In mid-May, the weather made a 180-degree swing and became very warm for the remainder of the growing season. Overall stand establishment was adequate. Extreme rain events occurred in the northern Red River Valley starting in June and additional extreme events came in July affecting those areas again as well as into the mid-Red River Valley. Even with these rain events and later than optimal planting, Growing Degree Days accumulation was intense in pushing the crop and making up for lost time.
Root disease in areas with saturated soils was noted but most instances became inactive as a drier weather pattern occurred starting in August.

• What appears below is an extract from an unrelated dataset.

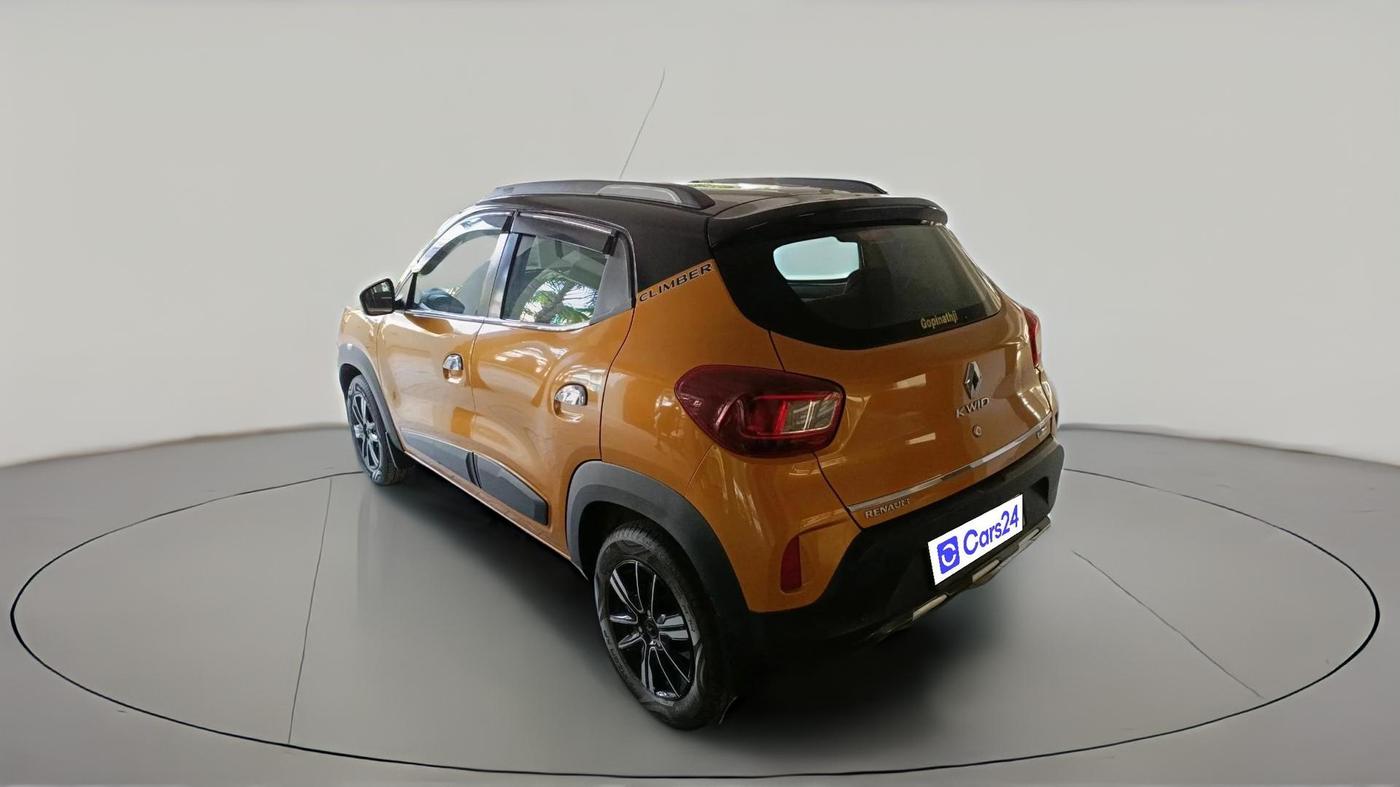 2022 Renault Kwid CLIMBER 1.0 AMT Dual Tone , Petrol, Automatic, 19,304 km, exterior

Waterhemp is the most troublesome weed and it has pushed its way to the northern end of the valley with all growers needing to consider pre-emerge/pre-plant incorporated herbicide applications as well as in-season lay-by herbicide applications for control. Sugarbeet Root Maggot (SBRM) pressure continues to expand, primarily in the East Grand Forks and Crookston districts. Starting at the end of June, there was an intense early buildup of moderate-to-severe Cercospora Daily Infection Values (DIVs) due to very warm summer temperatures and high humidity levels. High DIVs occurred throughout the growing season making Cercospora Leaf Spot (CLS) control very difficult with some fields severely impacted by the disease at levels not seen in over 20 years. Severe infections could be found in all areas of the Red River Valley from south to north. It was noted that a timely, almost considered early, start to fungicide applications provided a control benefit by not allowing Cercospora to get established as well as maintaining proper spray intervals, and tank-mixing/rotating fungicide modes of action. Cercospora varietal tolerance differences were observed with just a 0.5 difference in ratings making a difference in Cercospora incidence. Even when everything was done as well as could be, Cercospora control was less than ideal in some fields.

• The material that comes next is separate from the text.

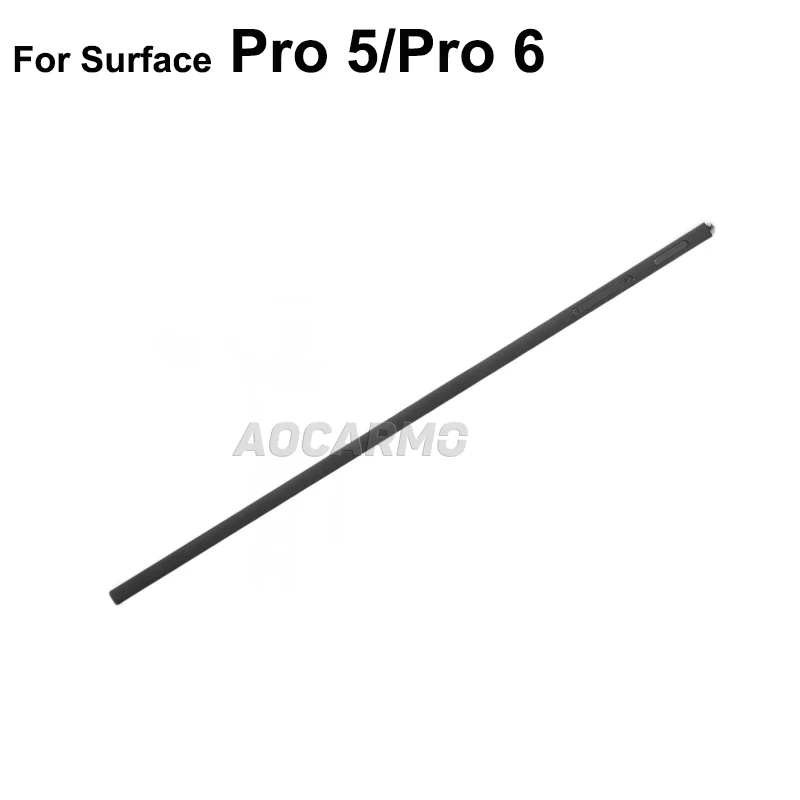 Aocarmo Для Microsoft Surface Pro 5 6 Pro5 Pro6 Замена Пластиковой полосы Верхней Рамки ЖК-дисплея Изображение 4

Conditions favorable for Cercospora development are also good for sugarbeet growth, with the warm summer hastening sugarbeet development. Sugar content initially was lower than average in sample pulls but started to catch up nicely a few weeks prior to stockpile due to below-normal precipitation in August and September.
Prepile harvest started Aug. 18 and was a wonderful run with no weather interruptions and the factories came out of the gate very nicely to start their processing campaign. Due to good harvest temperatures forecasted, stockpile harvest started Sept. 30 at 12:01 am. Stockpile harvest turned out to be one of the fastest ever in history, without any rain events to impede it as well as only limited shutdowns from warm temperatures. On Oct. 9 harvest was 97% complete and the last beets were piled on Oct. 16 to wrap up the harvest.
Rainfall much below normal in August and September impacted yield negatively but had a positive effect on sugar content. A total of just over 10 million tons were received, averaging 24.8 tons/acre, 18.36% sugar, 0.99% sugar loss to molasses equating to 8,606 pounds of recoverable sugar/acre.
The company feels fortunate that harvest conditions were so good after the conditions experienced last year. With a favorable fall to prepare next year’s beet fields, we look forward to what 2021 will bring.